I’d had a decent enough weekend, including a raucous day at college on the previous Friday. Fresh from my Fire Theory training, I attended my college course, not really sure to expect but nervous about the fact that I would have to deliver a fifteen minute microteaching session.
A microteaching session is basically a condensed version of a normal teaching session, whereby timing is all important. If you overrun in a microteaching session, you lose more marks than you would for losing your train of thought or even just blatantly giving a wrong answer to a question.
After speaking to my college tutor, I decided to do a microteaching session on CPR because, as you know, everyone likes a good pump and a blow…

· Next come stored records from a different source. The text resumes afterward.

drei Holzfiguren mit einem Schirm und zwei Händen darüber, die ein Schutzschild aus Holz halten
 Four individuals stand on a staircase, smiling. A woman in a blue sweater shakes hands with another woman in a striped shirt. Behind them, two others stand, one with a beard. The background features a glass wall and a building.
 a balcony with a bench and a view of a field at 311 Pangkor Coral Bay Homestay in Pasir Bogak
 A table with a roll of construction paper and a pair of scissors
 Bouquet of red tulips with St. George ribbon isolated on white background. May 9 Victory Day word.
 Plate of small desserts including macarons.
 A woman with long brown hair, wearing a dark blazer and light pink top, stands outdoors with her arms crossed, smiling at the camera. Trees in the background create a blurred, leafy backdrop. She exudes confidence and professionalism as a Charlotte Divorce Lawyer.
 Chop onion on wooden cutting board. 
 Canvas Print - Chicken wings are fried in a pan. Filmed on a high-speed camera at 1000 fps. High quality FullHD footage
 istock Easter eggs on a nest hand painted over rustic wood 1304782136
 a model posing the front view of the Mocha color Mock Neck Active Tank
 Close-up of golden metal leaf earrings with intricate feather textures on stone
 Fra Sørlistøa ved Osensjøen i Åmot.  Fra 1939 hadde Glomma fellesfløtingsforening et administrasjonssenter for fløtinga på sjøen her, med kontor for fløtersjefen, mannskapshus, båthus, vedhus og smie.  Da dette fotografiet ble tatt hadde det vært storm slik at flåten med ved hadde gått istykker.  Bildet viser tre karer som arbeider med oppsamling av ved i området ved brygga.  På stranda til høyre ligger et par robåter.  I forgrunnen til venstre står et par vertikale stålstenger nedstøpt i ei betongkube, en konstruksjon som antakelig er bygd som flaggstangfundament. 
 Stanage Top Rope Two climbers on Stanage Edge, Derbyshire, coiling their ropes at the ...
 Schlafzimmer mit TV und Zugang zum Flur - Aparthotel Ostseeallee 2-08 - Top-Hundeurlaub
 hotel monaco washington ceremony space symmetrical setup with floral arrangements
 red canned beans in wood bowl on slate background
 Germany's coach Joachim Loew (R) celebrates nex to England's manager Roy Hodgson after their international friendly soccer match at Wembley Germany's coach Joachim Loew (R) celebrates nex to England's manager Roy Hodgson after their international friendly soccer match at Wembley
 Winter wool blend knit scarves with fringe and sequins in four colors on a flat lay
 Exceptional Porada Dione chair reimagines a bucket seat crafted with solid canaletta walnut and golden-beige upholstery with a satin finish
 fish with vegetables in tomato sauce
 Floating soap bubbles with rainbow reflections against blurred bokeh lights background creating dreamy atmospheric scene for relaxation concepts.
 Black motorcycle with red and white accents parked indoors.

My microteaching session went very well and I also got to take part in the sessions delivered by my college buddies. The great thing was that we all came from different industries and so I got to try my hand at different activities and skills. I learned to play Malteser football, had my eyebrows threaded, attempted to make a braided bracelet and most exciting of all, I got to dress up as a fireman (woman).
Our college group consisted on nine women and one man, who just happened to be a fit and hunky fireman, so you can understand our excitement when he told us that we’d get to feel the weight of his equipment and touch his helmet…
It’s fair to say that his equipment was heavier than I expected, but we had a lot of fun dressing up in all the gear and looked like a female version of the Village People by the time we’d finished.
I was feeling good at the start of the week and dare I say it, looking forward to a week in London. That was until I received a call at 8.30am on the Monday to inform me that there was an issue with my accommodation for the coming week. It turns out that the hotel I’d been booked into was far too expensive and so the room was cancelled, leaving me with nowhere to stay.
Cue a massive panicked scramble and finally a hotel was found that wasn’t at an extortionate nightly rate. I had a look on Google maps and assumed that North Acton (where I was staying) wasn’t that far from Canning Town (the venue I was delivering in). I assumed that everything would be fine.
I caught the train from my local station and arrived at London Waterloo just after 4pm and, due to the amount of luggage I was carrying, I caught a taxi outside the station and asked the driver to take me to my hotel in North Acton. I had assumed that it wouldn’t be more than about £25 for the taxi fare, and although the driver was a lovely guy and we had a great chat, I was alarmed to find out that the fare was the best part of £40.
The hotel I was staying in was situated literally outside the Tube station and I managed to find a pub walking distance so that I could at least get a decent meal (I was in a hotel that had no restaurant). I slept terribly that first night, probably due to the fact that I had no idea what to expect with my first time delivering in London.
It took an hour each way to get to and from my hotel to the training venue and loaded down with bags and battling the rush hour commute both in the mornings and evenings, I was starting to get a little frazzled by it all.
I did arrive at the venue in decent time on the first day and had hoped for a good group and a good week, however, you know that when your first joke of the day falls flat that it’s going to be a long week…
I had a mixed group of people, some of whom were obsessed with the sound of their own voice and prolonged the sessions and then complained at how long the day was. Then there was the pair of learners who turned up over an hour late and whom I allowed to stay and then complained that the venue was too far away for them. That’s an issue for their manager, not the poor trainer who has absolutely no say in where sessions are held, so why leave it on MY feedback form?!
People on the London Underground are some of the most ignorant and rude people you’ve ever met. Even though I was loaded down with bags, looked in pain (because I was) and uncomfortable, not one person got up and offered me their seat and so I stood for an hour each day, every day with one exception when a group of students from Texas boarded the Tube train. Even though I only spent a few minutes with them, they were the nicest bunch of kids and made sure that everyone made room for me to get off at my stop.
Leave it to foreigners to be the politest people on the Underground…
Somehow I got through the first few days, trudging back and forth from one side of London to the other. I enjoyed a lovely meal on the Wednesday night and felt relieved that that I wouldn’t have to battle the Underground the next day, knowing that I had pre-booked and pre-paid a minicab to get me from the hotel to the venue.
Just one more session to get through and then I could go home and put a trying week behind me. I was over the worst, wasn’t I?